Another type of summary plot for comparing classifiers

Lift charts

  • Suppose we are going to approach a pool of customers (phone, mail-out) in the hope that they will respond in some way e.g. buy a new mortgage product
  • Produce models based on historical data that will identify customers that are likely give the desired response. - Typically a classification model quantifies this in terms of a predicted probability of being in the response class.
  • If we had a limited budget, or interested in optimising our spending,we should focus first on those likely to respond i.e. more profitable customers.
  • Lift and gain charts address this, and there are a large number of variants

Lift charts

  • There are many variants of Score ranking' charts available.
  • In every case the \( x \)-axis will be Percentile with the \( y \)-axis being something like the following:

    • Lift, Cumulative lift
    • Gain
    • % response, cumulative % response
    • % captured response, cumulative % captured response
    • Profit, Cumulative profit

Determining the \(x\)-axis

The common \( x \)-axis can be determined relatively easily.

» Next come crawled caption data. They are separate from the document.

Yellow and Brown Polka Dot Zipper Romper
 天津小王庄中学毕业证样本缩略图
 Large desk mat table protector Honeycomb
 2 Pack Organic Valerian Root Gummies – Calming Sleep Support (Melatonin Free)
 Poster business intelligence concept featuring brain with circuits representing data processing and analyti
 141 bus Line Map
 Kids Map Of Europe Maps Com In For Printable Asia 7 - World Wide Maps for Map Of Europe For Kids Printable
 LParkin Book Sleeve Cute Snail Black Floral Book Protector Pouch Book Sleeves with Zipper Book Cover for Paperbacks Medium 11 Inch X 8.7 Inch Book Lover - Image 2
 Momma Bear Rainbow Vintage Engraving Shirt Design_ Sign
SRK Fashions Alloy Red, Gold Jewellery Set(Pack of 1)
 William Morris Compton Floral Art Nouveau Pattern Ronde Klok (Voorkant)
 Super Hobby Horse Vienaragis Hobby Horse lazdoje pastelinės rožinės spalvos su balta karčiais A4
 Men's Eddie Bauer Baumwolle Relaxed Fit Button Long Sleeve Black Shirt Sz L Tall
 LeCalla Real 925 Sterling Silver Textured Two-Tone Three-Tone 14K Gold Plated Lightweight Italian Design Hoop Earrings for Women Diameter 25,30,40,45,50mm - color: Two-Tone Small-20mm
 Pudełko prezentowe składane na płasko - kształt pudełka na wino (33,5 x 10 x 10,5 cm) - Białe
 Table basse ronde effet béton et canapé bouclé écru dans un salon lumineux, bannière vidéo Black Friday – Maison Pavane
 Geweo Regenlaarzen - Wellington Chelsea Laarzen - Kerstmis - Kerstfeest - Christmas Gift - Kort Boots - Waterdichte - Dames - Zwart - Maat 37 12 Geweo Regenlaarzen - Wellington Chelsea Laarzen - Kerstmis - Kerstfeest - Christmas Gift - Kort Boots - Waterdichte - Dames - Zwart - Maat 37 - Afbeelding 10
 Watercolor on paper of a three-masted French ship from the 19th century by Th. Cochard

  • Assume a simple 2-class classification problem that we have constructed a model for.
  • The model at some level will produce a predicted probability for each observation e.g. \( \hat{p}_i=\text{Predicted} P(y_i=1|\mathbf{x}_i) \)
  • Take the input data \( \mathbf{X} \) and produce \( \hat{p} \) for every observation (for the training, validation or test datasets as all we require is an input vector \( \mathbf{x} \)).
  • Put these in descending order - there are the values that give us our \( x \)-axis.

General chart structure

Imagine as a customer database ordered by \( \hat{p} \) - from left-to-right we are penetrating' deeper in to the database from high \( \hat{p} \) observations to low \( \hat{p} \) observations:

An implementation

  • Assume the model is intended to predict a particular class which we'll refer to as 'positives' or 'responses'
  • In most cases it is informative to consider a base-line case where there is no model:

  • In this case our observations are arranged randomly with respect to the \( x \)-axis

  • All observations have the same predicted probability of being a positive - the proportion of positives in the training dataset.

Lift

Lift

  • The ratio of % Captured Responses to the baseline % Response, in each bin.
  • The example model is doing three times as good guessing over the first few bins of the database.
  • After about 35% we do worse than guessing (we've captured most of the positives already - they are false positives beyond this).

Lift, Cumulative Lift

Cumulative Lift

  • The cumulative ratio of % Captured Responses to the baseline % Response, across the percentile bins.
  • The example model is doing twice as good guessing over the first 50% of the database.
  • If we sampled/targeted the entire database, we do no better than guessing - we would identify the same number of positives (all of them).

Why use these plots?

The utility of these charts is hopefully clear:

  • if we had a limited budget we can see what kind of level of response this would buy by targeting the (modelled) most likely responders
  • we can see how much value our model has brought to the problem (compared to a random sample of customers) - in direct monetary terms if costs are included
  • perhaps we can do a smaller campaign, as the returns diminish beyond some percentage of customers targeted
  • we can see where a level of customer targeting becomes unprofitable if the costs are known.